Lors de l'assemblée générale ordinaire de la société du 8 mars 2011, [T] [O] a démissionné et [Y] [O] a été nommé gérant en remplacement de son père, sa rémunération devant être fixée lors d'une assemblée générale ultérieure.
Lors de l'assemblée générale extraordinaire de la société 15 juillet 2012, il a été décidé :
- une augmentation de capital de 946 738 euros par la souscription de nouvelles parts par [T] [O] et son épouse [V] [O], payable par compensation de créances détenues par ceux-ci sur la société,
- la transformation de la SARL en SCEA,
- la nomination de M. [Y] [O], associé exploitant de la nouvelle société, en qualité de gérant.
Un protocole d'accord a ensuite été signé le 31 juillet 2012 entre la société [T] [O], d'une part, et [T] [O] et l'épouse de ce dernier, d'autre part, ayant pour finalité de transmettre 'leur patrimoine d'exploitation à leur fils [Y] dans des conditions garantissant la pérennité de l'exploitation et un équilibre de revenus pour eux-mêmes'. Les opérations prévues dans ce protocole, et notamment le rachat par [Y] [O] d'une partie des parts de ses parents, n'aboutiront pas.
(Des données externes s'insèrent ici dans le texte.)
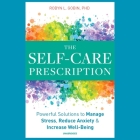 The Self-Care Prescription Lib/E: Powerful Solutions to Manage Stress, Reduce Anxiety & Increase Well-Being By Robyn L. Gobin, Joniece Abbott-Pratt (Read by) Cover Image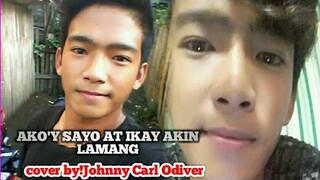 AKO'Y SAYO AT IKA'Y AKIN LAMANG (cover by Johnny Carl Odiver) Sobrang Galing Guys!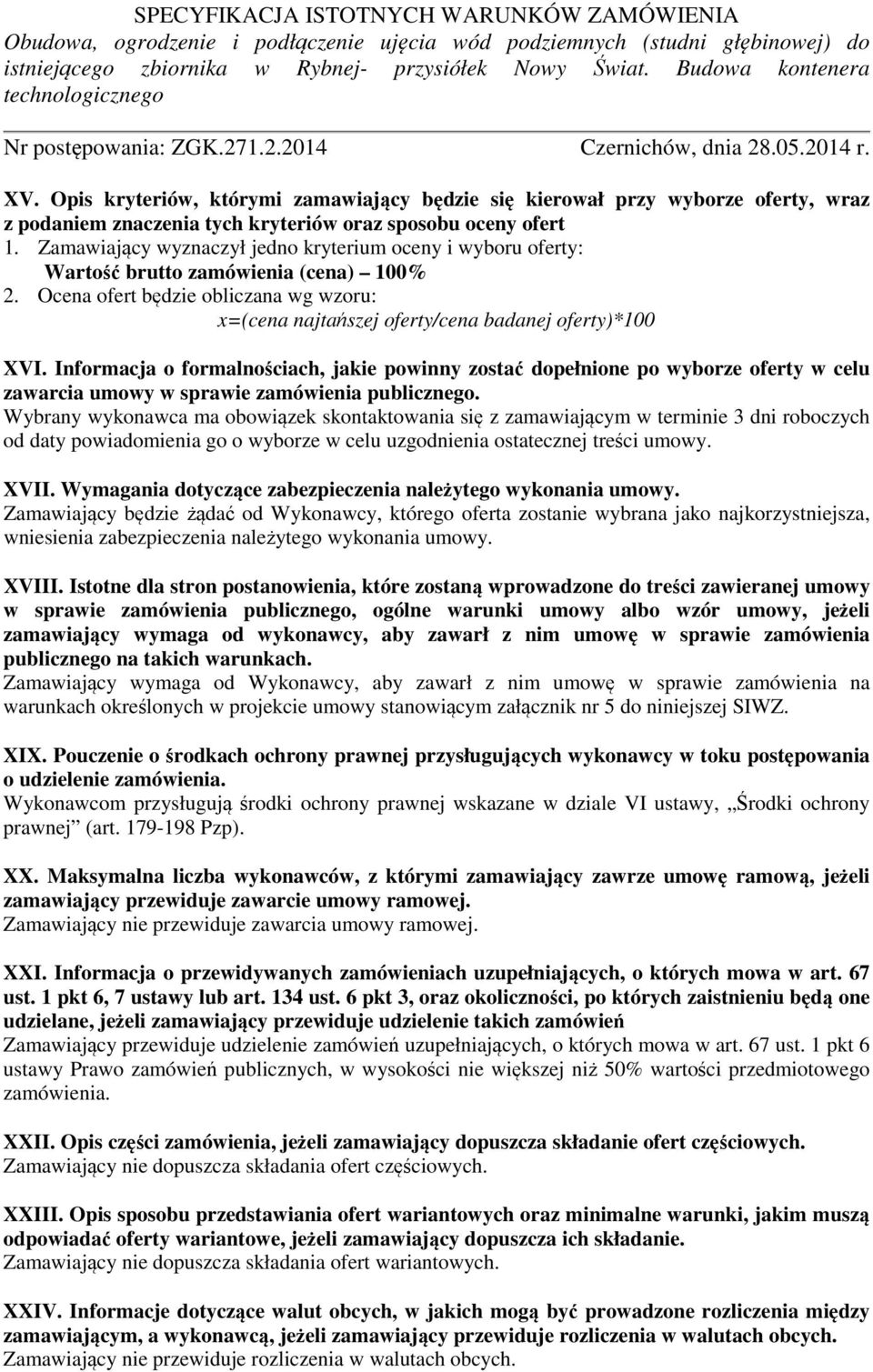 Informacja o formalnościach, jakie powinny zostać dopełnione po wyborze oferty w celu zawarcia umowy w sprawie zamówienia publicznego.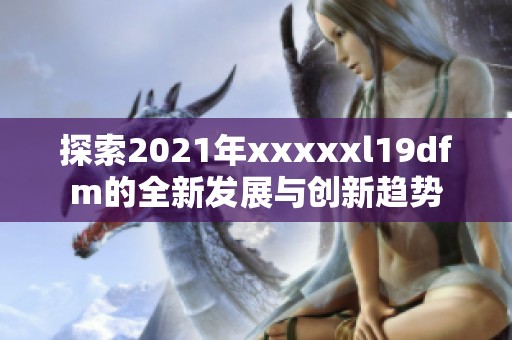 探索2021年xxxxxl19dfm的全新发展与创新趋势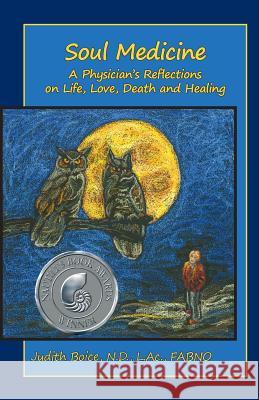 Soul Medicine: A Physician's Reflections on Life, Love, Death and Healing Judith Boice 9780936878836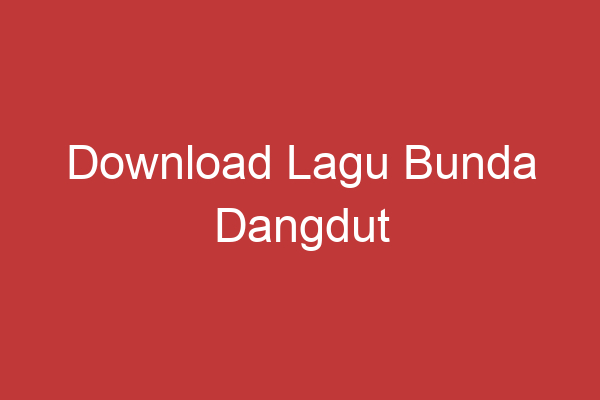 Download Lagu Bunda Dangdut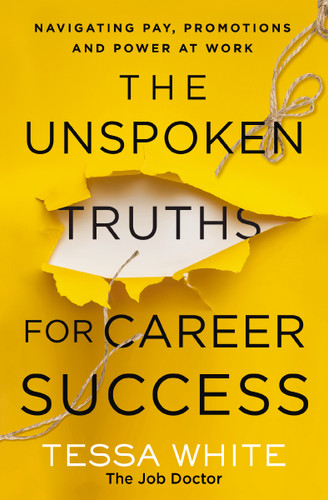 The Unspoken Truths for Career Success: Navigating Pay, Promotions, and Power at Work [9781400236008]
Par courrier du 20 mars 2014 adressé à leur fils en leur qualité de gérant de la société [T] [O], [T] [O] et son épouse ont demandé à celui-ci d'inscrire à l'ordre du jour de l'assemblée générale devant se tenir le 25 mars 2014, la révocation du gérant et la nomination d'un nouveau gérant. Le 6 janvier 2015, les époux [T] [O] ont réitéré leurs demandes via leur conseil, demandant la convocation d'une assemblée générale.
Par acte du 5 août 2015, [T] [O] a fait assigner la société [T] [O] et [Y] [O] aux fins de voir désigner un mandataire ad hoc ayant pour mission de provoquer une assemblée générale dont l'ordre du jour serait la révocation du gérant. Il a été fait droit à sa demande par ordonnance du président du tribunal de grande instance de Bordeaux statuant en la forme des référés du 19 octobre 2015.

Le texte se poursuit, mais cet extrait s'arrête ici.